Pushing off on his legs, another barely clotted wound split open and another round of clear fluid dribbled out – but Yamapi was grateful. The house was warm inside.

He pitched himself over the threshold and collapsed onto the tiles, limbs splayed akimbo.

"I thought, maybe, I could crash— just for the night," he slurred, eyes already shut but throat tugging for more air. "And maybe, tomorrow…maybe we could carpool to rehearsal together?"

"Just – yeah, sure. Is that a boot print?"

Yamapi rolled onto his stomach, ready to retch. "Oh hey – and can I … borrow. That thing. Your heron costume? The woodlands audition…"

And then all was black.

***


Jin woke up in the middle of the night, knowing instinctively that something was wrong.

His skin was covered in sticky layers of sweat that clung to his arms, his stomach, and all across his face. Trapped inside his ribcage, his heart crashed frantically against the sides and spluttered blood, falteringly. His chest felt heavy, as though a bus was bearing down upon him and making it hard to breathe. No matter how many breaths he dragged in, he needed more, more air and fast. He gasped, panted, and struggled to sit up in bed but the sudden shift created a strong wave of nausea.

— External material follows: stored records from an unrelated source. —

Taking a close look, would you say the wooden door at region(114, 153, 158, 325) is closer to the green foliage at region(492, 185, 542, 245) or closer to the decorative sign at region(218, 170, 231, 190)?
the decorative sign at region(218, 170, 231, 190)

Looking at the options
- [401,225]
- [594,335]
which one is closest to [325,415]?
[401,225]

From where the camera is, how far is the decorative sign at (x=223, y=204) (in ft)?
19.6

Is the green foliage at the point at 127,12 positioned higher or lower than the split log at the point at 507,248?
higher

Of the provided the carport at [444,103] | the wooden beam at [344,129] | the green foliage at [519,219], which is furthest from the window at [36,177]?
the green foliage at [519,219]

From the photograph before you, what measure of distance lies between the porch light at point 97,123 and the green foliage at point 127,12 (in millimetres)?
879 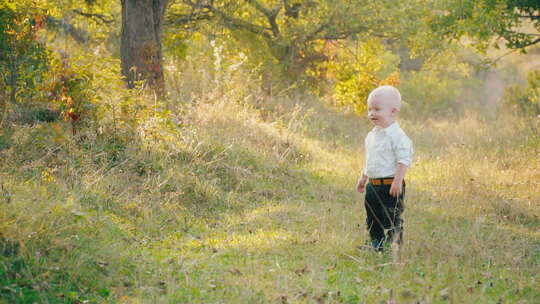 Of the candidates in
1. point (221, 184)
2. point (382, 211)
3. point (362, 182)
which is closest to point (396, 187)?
point (382, 211)

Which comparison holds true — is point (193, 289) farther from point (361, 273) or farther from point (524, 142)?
point (524, 142)

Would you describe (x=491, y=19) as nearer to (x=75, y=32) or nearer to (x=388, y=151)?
(x=388, y=151)

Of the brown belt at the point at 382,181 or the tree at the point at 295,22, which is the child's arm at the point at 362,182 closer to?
the brown belt at the point at 382,181

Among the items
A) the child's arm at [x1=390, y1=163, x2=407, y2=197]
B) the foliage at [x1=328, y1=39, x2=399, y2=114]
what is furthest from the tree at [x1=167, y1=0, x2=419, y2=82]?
the child's arm at [x1=390, y1=163, x2=407, y2=197]

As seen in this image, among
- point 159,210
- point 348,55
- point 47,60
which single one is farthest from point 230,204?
point 348,55

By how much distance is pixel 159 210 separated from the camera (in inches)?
237

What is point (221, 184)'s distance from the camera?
737 centimetres

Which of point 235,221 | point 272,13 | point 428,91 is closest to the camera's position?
point 235,221

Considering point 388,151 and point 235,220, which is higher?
point 388,151

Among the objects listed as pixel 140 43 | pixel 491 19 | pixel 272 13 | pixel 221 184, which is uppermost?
pixel 272 13

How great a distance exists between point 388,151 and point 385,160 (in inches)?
3.4

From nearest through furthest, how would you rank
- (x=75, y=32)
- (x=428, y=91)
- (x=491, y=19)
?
(x=491, y=19), (x=75, y=32), (x=428, y=91)

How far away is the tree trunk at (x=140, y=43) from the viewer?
28.6 ft

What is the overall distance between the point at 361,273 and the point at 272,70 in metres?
10.4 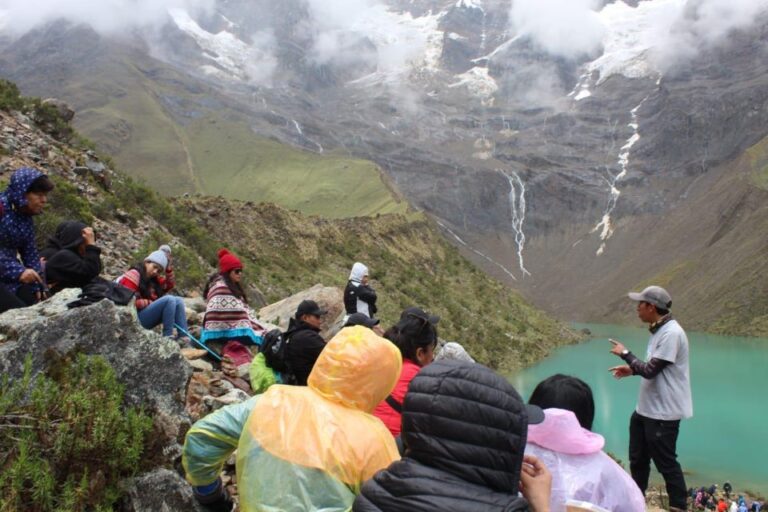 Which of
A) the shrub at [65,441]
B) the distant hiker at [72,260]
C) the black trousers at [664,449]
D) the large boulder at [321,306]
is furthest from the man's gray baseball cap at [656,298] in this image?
the large boulder at [321,306]

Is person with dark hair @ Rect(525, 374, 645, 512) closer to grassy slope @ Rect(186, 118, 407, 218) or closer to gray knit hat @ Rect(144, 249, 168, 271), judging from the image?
gray knit hat @ Rect(144, 249, 168, 271)

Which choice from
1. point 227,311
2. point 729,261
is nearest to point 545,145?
point 729,261

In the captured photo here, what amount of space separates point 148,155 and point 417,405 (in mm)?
100321

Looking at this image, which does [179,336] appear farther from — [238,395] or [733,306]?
[733,306]

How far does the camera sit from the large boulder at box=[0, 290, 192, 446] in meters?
3.78

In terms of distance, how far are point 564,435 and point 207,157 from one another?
10363 centimetres

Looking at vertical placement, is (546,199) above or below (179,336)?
above

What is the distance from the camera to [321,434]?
3006mm

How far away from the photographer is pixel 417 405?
2.55 meters

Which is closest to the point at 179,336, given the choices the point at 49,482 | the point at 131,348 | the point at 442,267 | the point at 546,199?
the point at 131,348

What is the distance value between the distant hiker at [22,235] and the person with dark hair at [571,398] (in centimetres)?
423

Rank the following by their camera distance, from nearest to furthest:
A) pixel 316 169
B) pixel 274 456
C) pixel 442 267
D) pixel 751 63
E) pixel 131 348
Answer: pixel 274 456 → pixel 131 348 → pixel 442 267 → pixel 316 169 → pixel 751 63

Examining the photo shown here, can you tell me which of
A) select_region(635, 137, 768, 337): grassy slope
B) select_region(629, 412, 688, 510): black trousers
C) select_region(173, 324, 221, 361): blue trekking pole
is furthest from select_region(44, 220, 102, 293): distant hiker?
select_region(635, 137, 768, 337): grassy slope

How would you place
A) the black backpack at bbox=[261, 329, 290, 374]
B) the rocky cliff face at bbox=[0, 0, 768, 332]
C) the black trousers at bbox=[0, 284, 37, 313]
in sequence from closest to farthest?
1. the black trousers at bbox=[0, 284, 37, 313]
2. the black backpack at bbox=[261, 329, 290, 374]
3. the rocky cliff face at bbox=[0, 0, 768, 332] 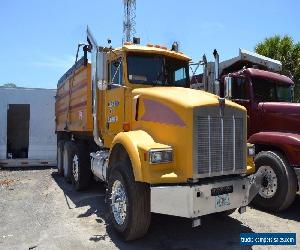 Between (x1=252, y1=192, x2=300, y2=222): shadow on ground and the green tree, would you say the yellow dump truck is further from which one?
the green tree

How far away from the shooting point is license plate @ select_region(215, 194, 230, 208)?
17.0ft

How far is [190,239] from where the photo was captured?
18.9ft

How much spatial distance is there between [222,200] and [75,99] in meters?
5.57

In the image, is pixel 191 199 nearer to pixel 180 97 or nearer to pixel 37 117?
pixel 180 97

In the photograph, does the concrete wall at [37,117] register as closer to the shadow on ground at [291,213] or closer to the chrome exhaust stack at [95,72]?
the chrome exhaust stack at [95,72]

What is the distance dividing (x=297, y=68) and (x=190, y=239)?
15.8m

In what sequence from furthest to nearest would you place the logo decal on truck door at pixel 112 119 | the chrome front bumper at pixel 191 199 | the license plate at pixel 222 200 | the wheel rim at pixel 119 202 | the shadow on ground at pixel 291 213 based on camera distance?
the logo decal on truck door at pixel 112 119 < the shadow on ground at pixel 291 213 < the wheel rim at pixel 119 202 < the license plate at pixel 222 200 < the chrome front bumper at pixel 191 199

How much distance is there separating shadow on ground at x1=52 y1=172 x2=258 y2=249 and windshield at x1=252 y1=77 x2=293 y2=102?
10.00ft

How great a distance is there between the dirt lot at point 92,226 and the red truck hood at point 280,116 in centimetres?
164

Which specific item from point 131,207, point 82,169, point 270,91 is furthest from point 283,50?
point 131,207

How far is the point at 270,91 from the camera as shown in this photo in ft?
28.4

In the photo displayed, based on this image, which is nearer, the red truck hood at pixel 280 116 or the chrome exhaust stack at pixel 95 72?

Even through the dim blurriness the room seemed to spin, tilting in all directions with a quickening tempo. Disorientation scraped its way into his mind and he tried to clutch at his head – anything to make the spinning stop – but found his body too exhausted to move.

Somehow, through the thick fog of the endless black abyss where he spiralled further and further down into the centre, seeming to somersault even has his body lay still, he heard the bedroom door open. The sound thundered between his ears; every brush of the carpet fibres echoed through his skull, the squeak of the door handle like the screeching of tires across hot asphalt.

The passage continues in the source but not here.